Oosthuizen isn’t counting any chickens yet though. “My game is good, but I know it's a really good leaderboard,” he said. “I have to play good golf this weekend if I want to come out first.” He’s bang on there. Jordan Spieth is alone in third, one behind Morikawa, with Dustin Johnson, Scottie Scheffler and Dylan Frittelli sharing fourth. Paul Casey, Brooks Koepka and Jon Rahm are among those six shots back on 5-under.

There’s absolutely no doubt that being in T13th or better at this stage is important because 23 of the last 25 winners of the Claret Jug were in that position after 36 holes. It’s repeated in the other event that define a golfer’s career. Of the last 100 majors held, only five saw a winner emerge from outside the top 15 at halfway.

Open champions tend to have a game that makes life easy for themselves. Five of the last nine winners ranked top three for hitting Greens in Regulation; the other four ranked top five for Scrambling. In other words, they were ticking off the pars. Then nine of the last 10 winners ranked 11th or better for Putt Average – they were taking advantage of enough birdie opportunities.

Let’s also recall a few other trends: nine of the last 10 winners had already recorded a championship top 10, nine of 10 played the week before the event, eight of the last 10 champions were already winners that year.

 

 

Who do those numbers favour? Well, Morikawa, Scheffler and Frittelli suffer with their Open inexperience; the latter two also have no win this year.

The top trio are right on track with the stats, but their prices are about right: Oosthuizen 9/4, Spieth and Morikawa both 9/2. If I were to favour any of them it would be Spieth, but we’re on him from the get-go at 18/1 so he’s covered.

I’m not convinced that Johnson is yet playing well enough to back at 15/2 and Rahm lacks an Open top 10. I haven’t mentioned the unlikely five players currently tied seventh (Dani Von Tonder, Emiliano Grillo, Marcel Siem, Andy Sullivan and Justin Harding), but inexperience counts against them.

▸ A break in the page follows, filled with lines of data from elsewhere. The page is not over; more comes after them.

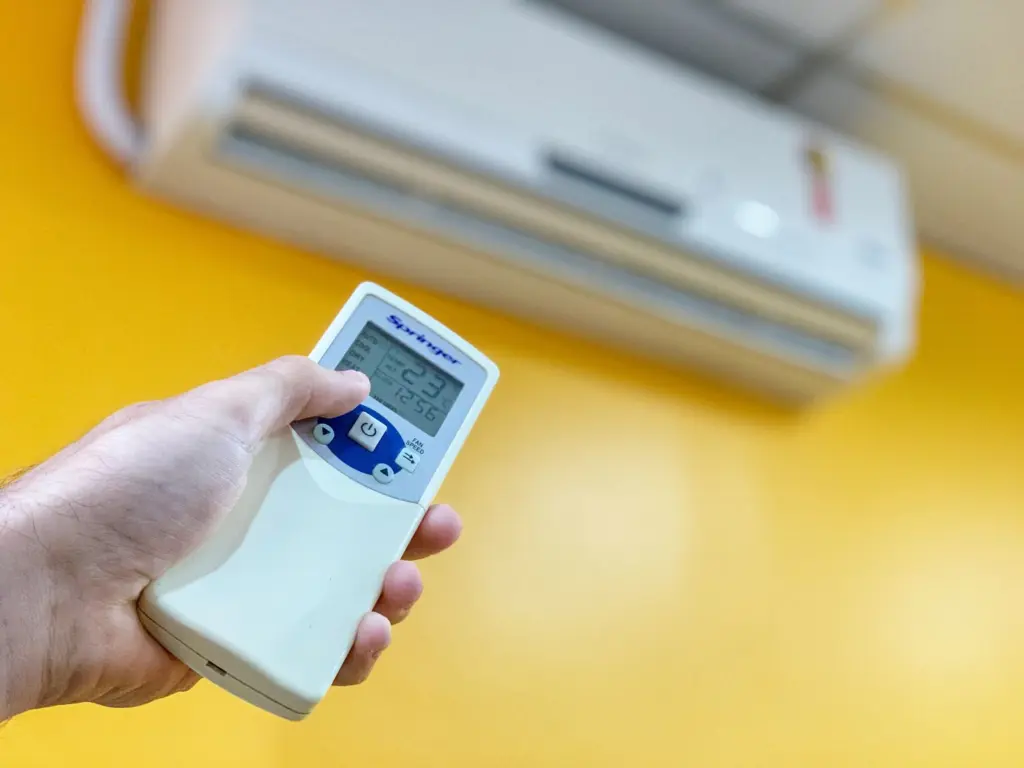 Temperatura subiu? Veja como a mudança de hábitos influencia no consumo de energia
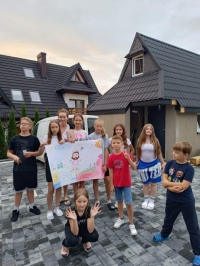 „Obcując z naturą - chwalimy Pana Boga”.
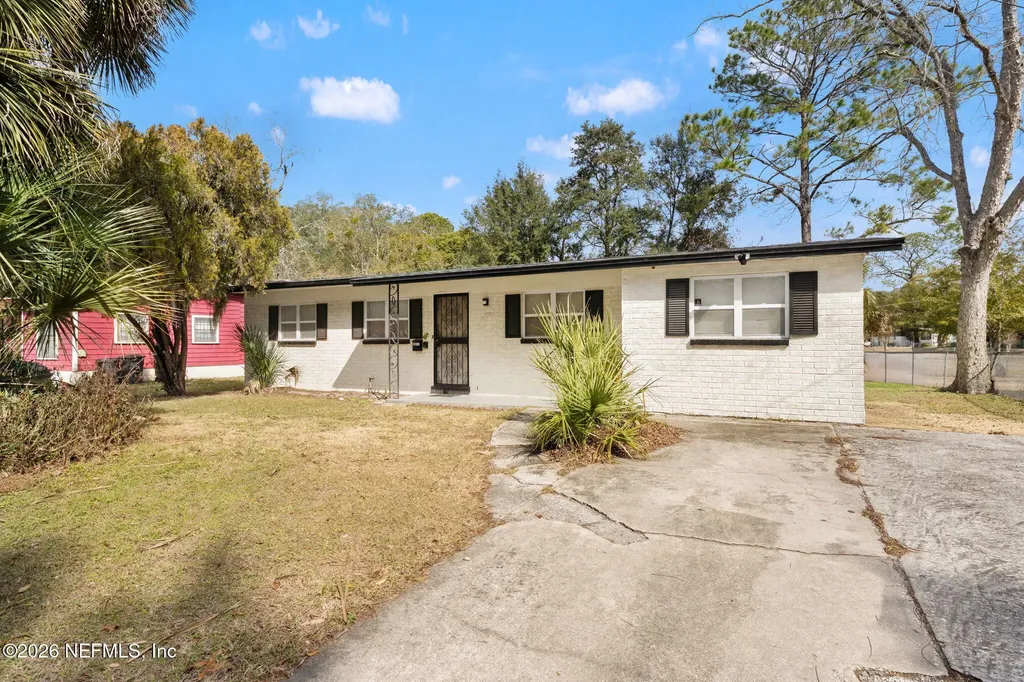 5017 Dostie Drive S Jacksonville FL 32209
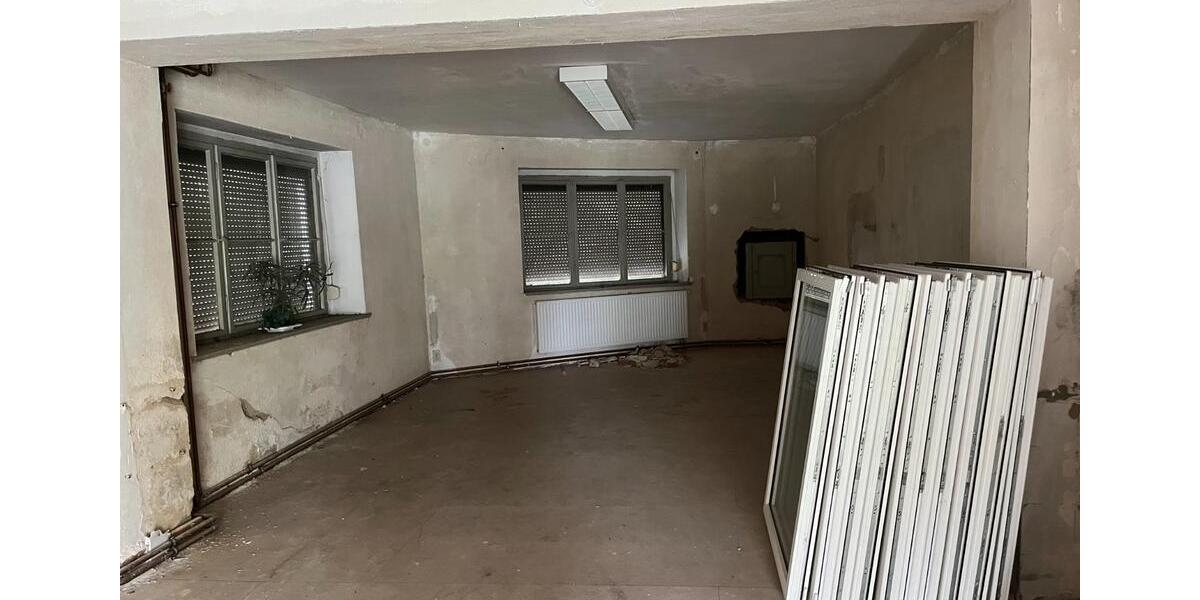 Einfamilienhaus Aue-Bad Schlema Bad Schlema - 6 Zimmer, 295 m&sup2;, 119.000&euro; | Angebot:25942403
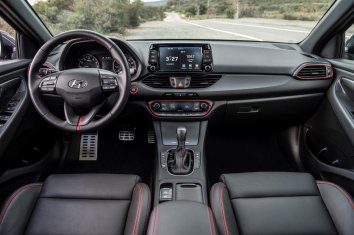 Hyundai Elantra GT   - Photo 4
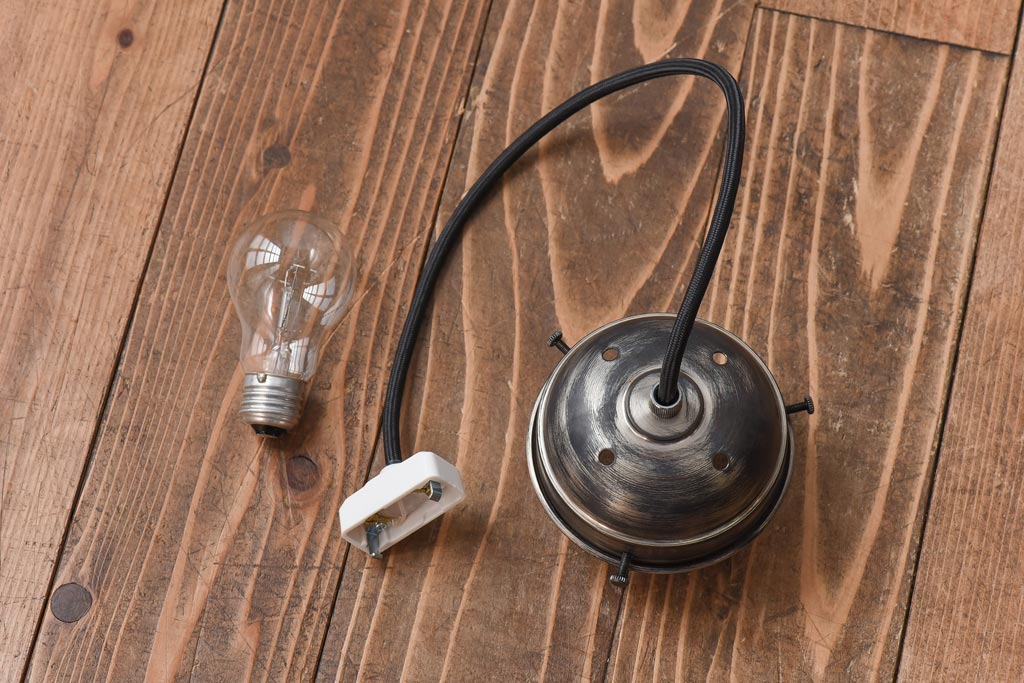 なめらかなフォルムが上品な雰囲気を醸し出す天井照明(吊り下げ照明、ライト)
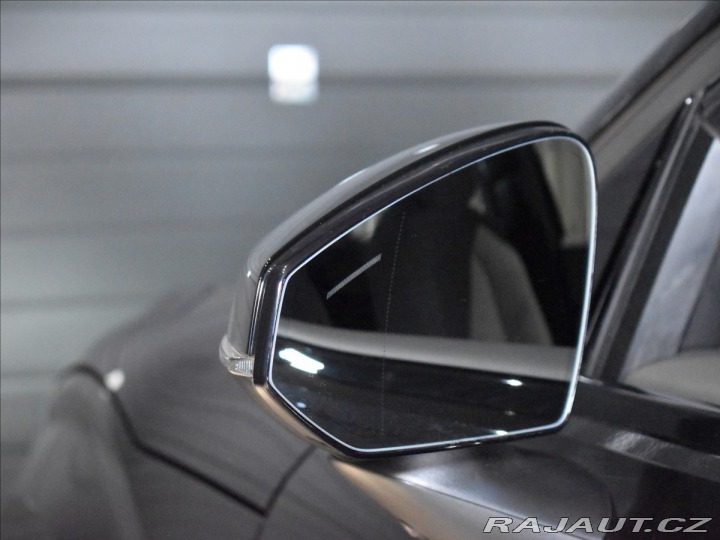 Volvo EX30 0,0 TwinMotorPerformance 2025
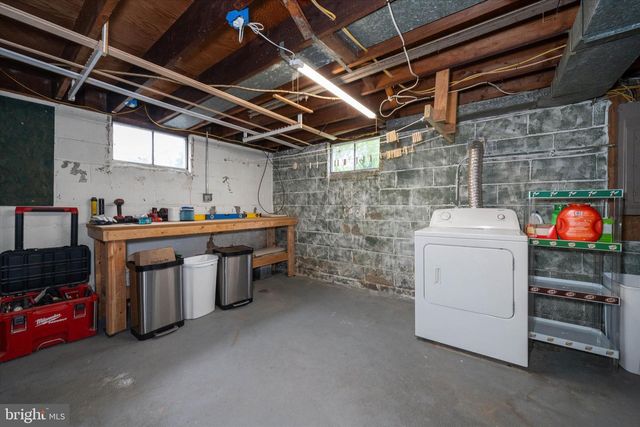 103 BESTFIELD RD, Wilmington, DE 19804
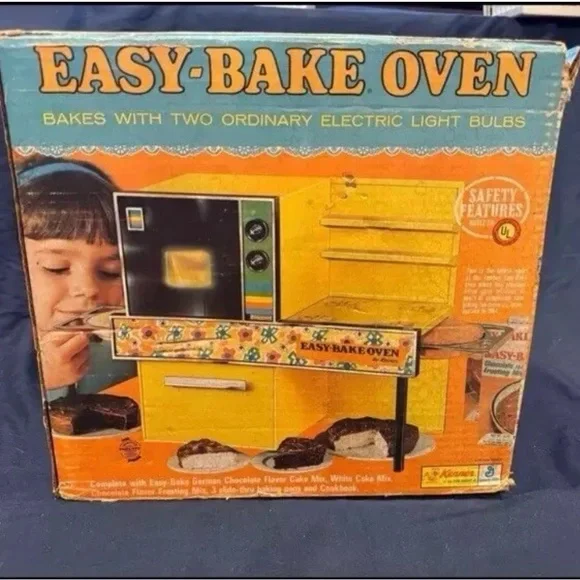 Vintage 1970's Kenner Betty, Crocker Easy Bake Oven In Green w/ Box,  Accessories - Main Image
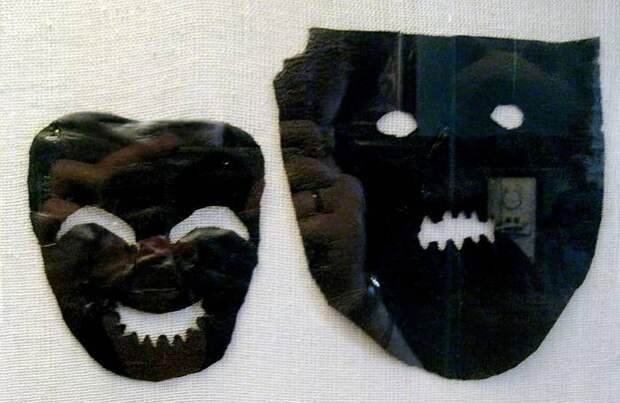 Во время археологических раскопок в Новгороде были найдены кожаные маски, которые, по мнению историков, принадлежали скоморохам. /Фото: rossaprimavera.ru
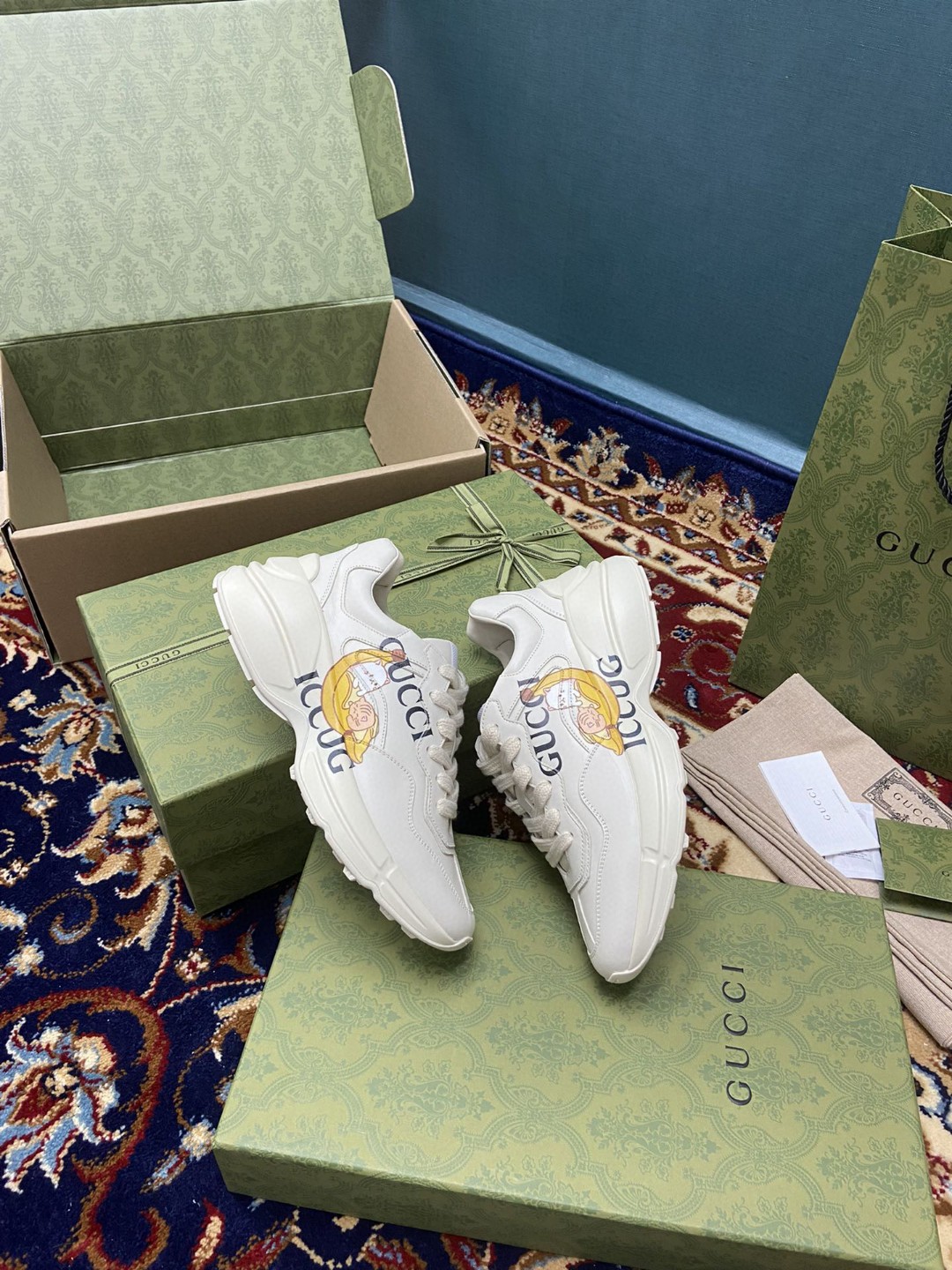 Gvc*1 Men’s Rhyton Sneakers With Bananya White Ivory For Men 659408-2SH00-9522a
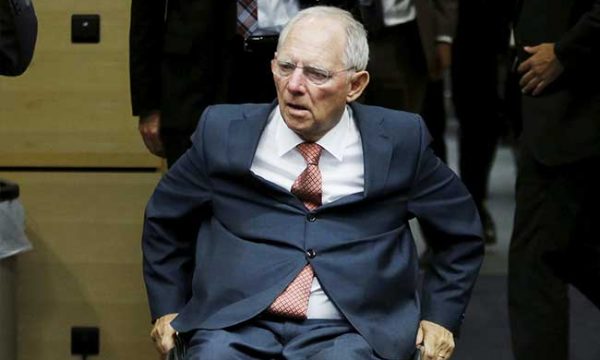 Vdes në moshën 81 vjeçare veterani i CDU-së Wolfgang Schäuble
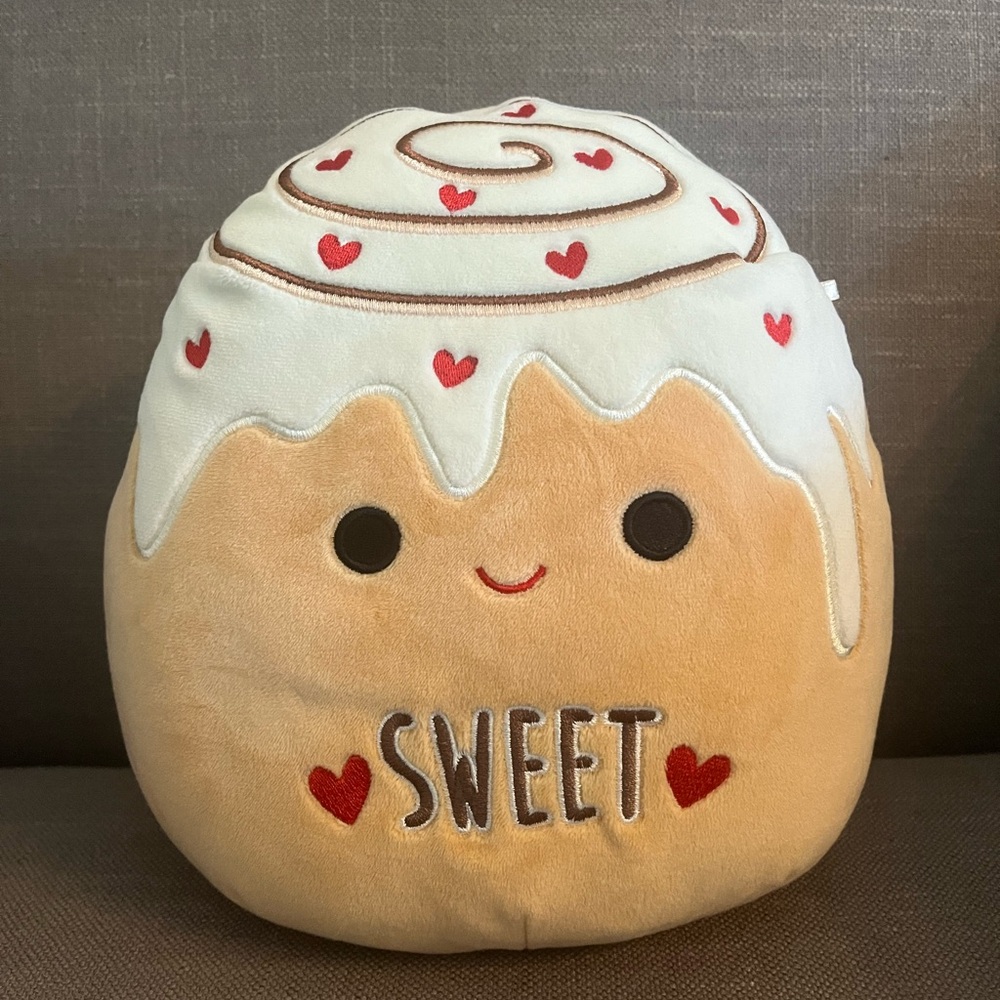 10” Sweet Cinnamon Roll Squishmallow *BUNDLE ANY TWO SQUISHMALLOWS FOR $16*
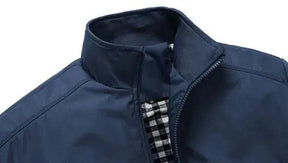 Jaqueta Masculina Casual Outwear Romenzi RZ184 em tecido resistente, com forro acolchoado e estilo sofisticado.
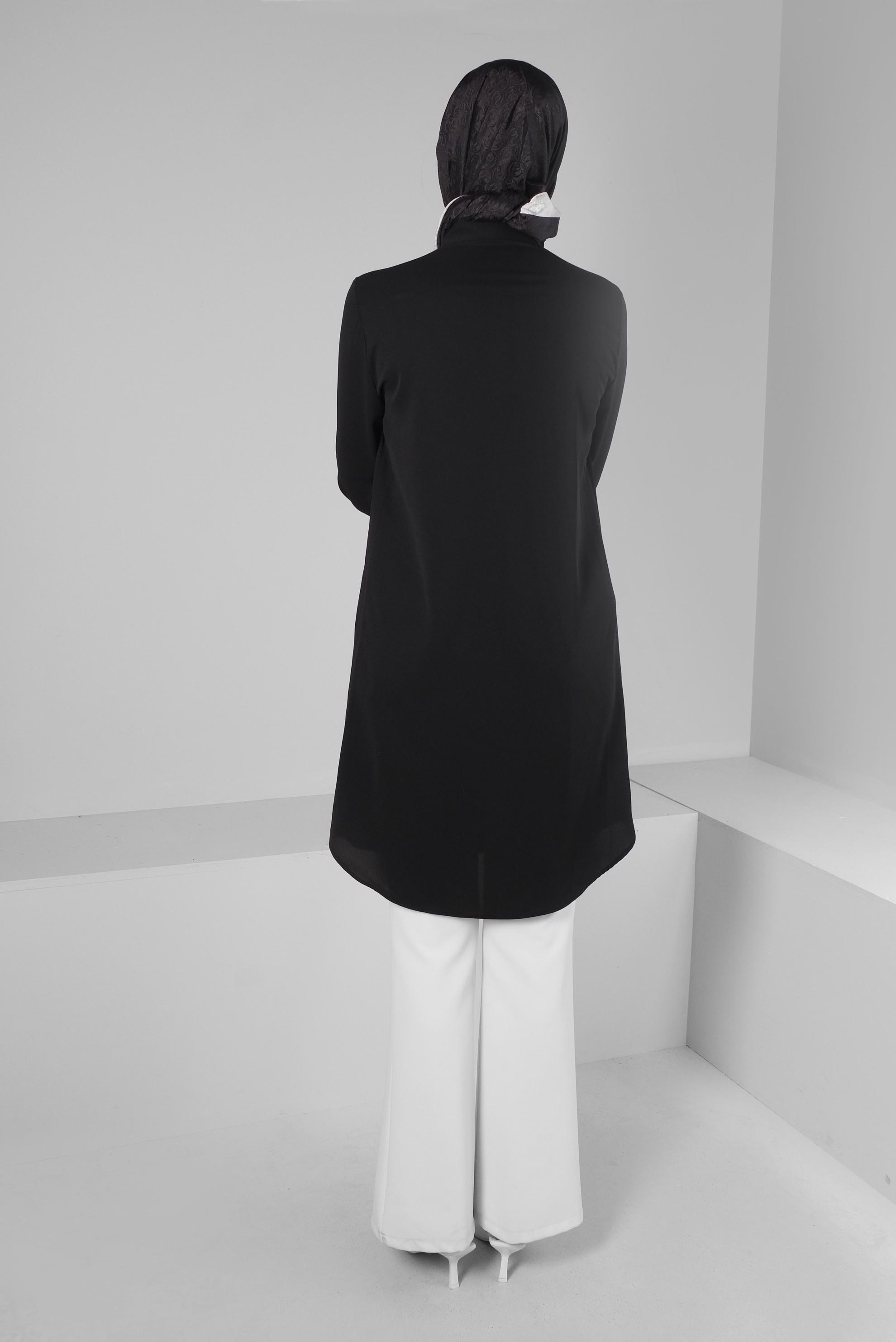 Tesettür giyim SİYAH ZİNCİR DETAYLI DÜĞMELİ TUNİK 43668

I’m most tempted by Paul Casey. “Very, very happy where I stand right now,” he said after a 67 for T12th. He praised his relatively new left-below-right putting grip for improved short putting and that was a key element for Darren Clarke when he won at Royal St George’s 10 years ago.

Casey has an Open top 10 and he has a win this year. That’s the good news. Less good is that he didn’t play last week, but he did get to celebrate earning qualification for the Olympics and it prompted him to say: “The older I get, the better things seem to get. The Open, I'm obviously mega excited about next week. It seems to make it more exciting as an Englishman playing in England. Then it's the Olympics and the Ryder Cup. I've got a great opportunity here to have a summer which could define my career, if I capture lightening in a bottle.”

He very nearly won the PGA Championship last August, only one man scored better than him over the last 54 holes of last September’s US Open, he briefly led November’s Masters, he was fourth in May’s PGA Championship, and seventh in last month’s US Open. He’s in great major championship form, in other words. I like him at 33/1.